[Opening WORKING DATA section]

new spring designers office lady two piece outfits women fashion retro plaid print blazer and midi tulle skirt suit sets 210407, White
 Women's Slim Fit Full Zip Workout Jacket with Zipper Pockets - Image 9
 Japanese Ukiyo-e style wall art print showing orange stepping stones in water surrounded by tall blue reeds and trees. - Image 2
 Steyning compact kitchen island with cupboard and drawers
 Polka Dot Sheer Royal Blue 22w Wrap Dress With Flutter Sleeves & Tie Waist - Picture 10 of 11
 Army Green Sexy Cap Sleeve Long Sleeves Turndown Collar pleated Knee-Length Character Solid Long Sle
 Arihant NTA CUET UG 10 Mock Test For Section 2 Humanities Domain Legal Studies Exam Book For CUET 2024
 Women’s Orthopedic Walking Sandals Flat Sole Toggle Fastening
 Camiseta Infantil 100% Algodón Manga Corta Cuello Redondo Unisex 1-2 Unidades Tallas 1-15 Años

[Closing WORKING DATA section]

> [ASSIGNMENT]:
Copy the data exactly as it was presented.

> [OUTPUT OF THE TASK]:
new spring designers office lady two piece outfits women fashion retro plaid print blazer and midi tulle skirt suit sets 210407, White
 Women's Slim Fit Full Zip Workout Jacket with Zipper Pockets - Image 9
 Japanese Ukiyo-e style wall art print showing orange stepping stones in water surrounded by tall blue reeds and trees. - Image 2
 Steyning compact kitchen island with cupboard and drawers
 Polka Dot Sheer Royal Blue 22w Wrap Dress With Flutter Sleeves & Tie Waist - Picture 10 of 11
 Army Green Sexy Cap Sleeve Long Sleeves Turndown Collar pleated Knee-Length Character Solid Long Sle
 Arihant NTA CUET UG 10 Mock Test For Section 2 Humanities Domain Legal Studies Exam Book For CUET 2024
 Women’s Orthopedic Walking Sandals Flat Sole Toggle Fastening
 Camiseta Infantil 100% Algodón Manga Corta Cuello Redondo Unisex 1-2 Unidades Tallas 1-15 Años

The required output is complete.